Si vous avez un modèle, mesurez-le au lieu d'estimer. Un pied à coulisse coûte peu et surpasse tout mètre pliant. Quelques conseils font la différence :

  1. Mesurer plusieurs fois et à plusieurs endroits. Une tôle est rarement d'épaisseur constante, un trou rarement parfaitement rond.
  2. Repérer les zones usées, déformées ou corrodées et les signaler expressément. L'original cassé est le modèle d'une pièce saine, non de la même avarie.
  3. Mesurer les trous intérieurement plutôt que d'estimer de centre à centre. L'entraxe se déduit de la distance entre bords intérieurs augmentée d'un diamètre.
  4. Sur les pièces symétriques, vérifier qu'elles le sont vraiment. Souvent elles ne le sont pas tout à fait, et la question devient de savoir si c'était voulu.

La cote de contrôle

C'est l'assurance la moins chère de toute la chaîne : une seule cote, indiquée en clair, permettant de vérifier le fichier fini. Par exemple « arête longue extérieure = 250 mm ». Ouvrez le DXF, mesurez cette cote, et vous savez en quelques secondes si une erreur d'unité s'est glissée ou si une échelle a été mal appliquée.

Sans cote de contrôle, une telle erreur ne se révèle qu'à la sortie de la machine — et matière et temps machine sont alors consommés. L'effort de la fournir tient en une phrase.

Questions fréquentes

Quelle précision peut-on tirer d'une photo ?
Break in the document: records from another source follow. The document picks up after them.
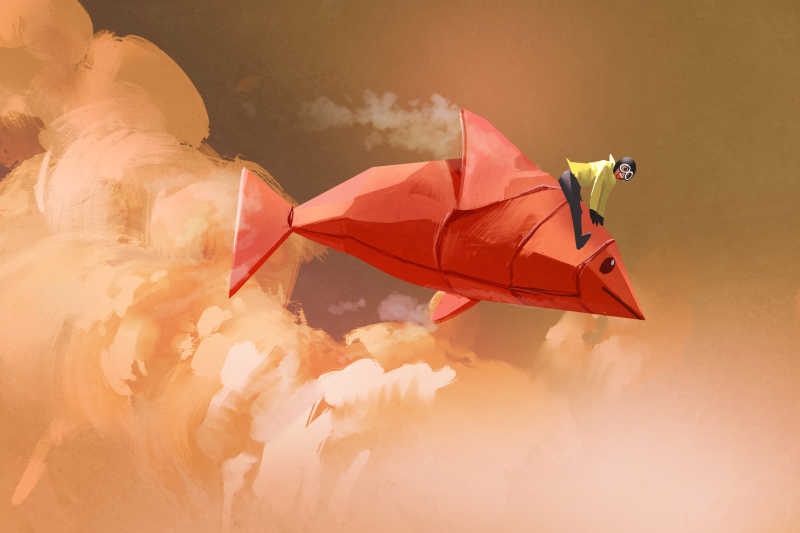 骑在折纸上飞翔在云端的人插画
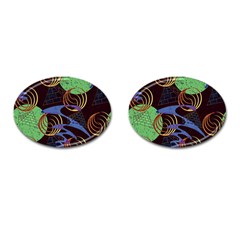 Pyramid Sphere Colorful Background Cufflinks (oval) by Ravend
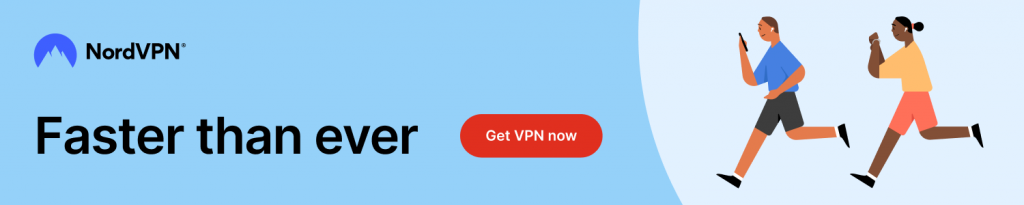 NordVPN Affiliate link advert for a post on the importance of a virtual private network (VPN) when travelling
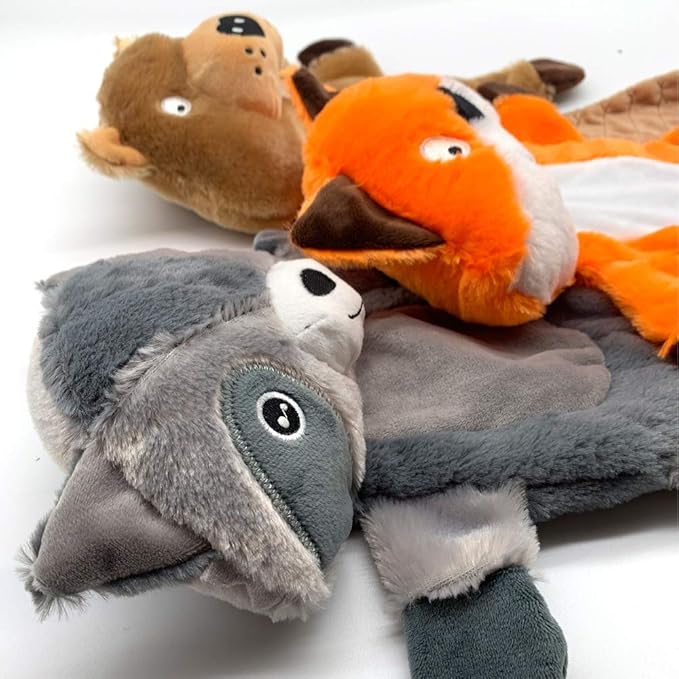 Jalousie 5 Pack Plush Toys Assortment Value Bundle Puppy Pet Mutt Squeak Toy for Medium Large Dogs (5 Pack Premium Corduroy) (1 Pack Large Plush Fox)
Avec une prise de vue d'aplomb, une bonne référence et une cote de contrôle indiquée, des écarts de quelques dixièmes de millimètre sont atteignables. À partir d'une photo de biais sans référence, aucune affirmation fiable n'est possible.

Dois-je indiquer des tolérances ?

Pas obligatoirement, mais cela aide beaucoup. Sans indication, on travaille selon la précision d'atelier usuelle. Si certaines cotes comptent particulièrement, dites-le expressément.

Qu'est-ce que la saignée et dois-je en tenir compte ?

C'est la matière que le faisceau enlève. Vous n'avez pas à en tenir compte : la commande la compense automatiquement, pourvu que les contours soient fermés. Dessinez la pièce finie aux cotes nominales.

Ma pièce doit s'ajuster à une contrepartie existante. Que vous faut-il ?

Idéalement les cotes de la contrepartie, en particulier le perçage et les arêtes de raccordement. Si possible, photographiez la contrepartie et indiquez séparément les cotes critiques.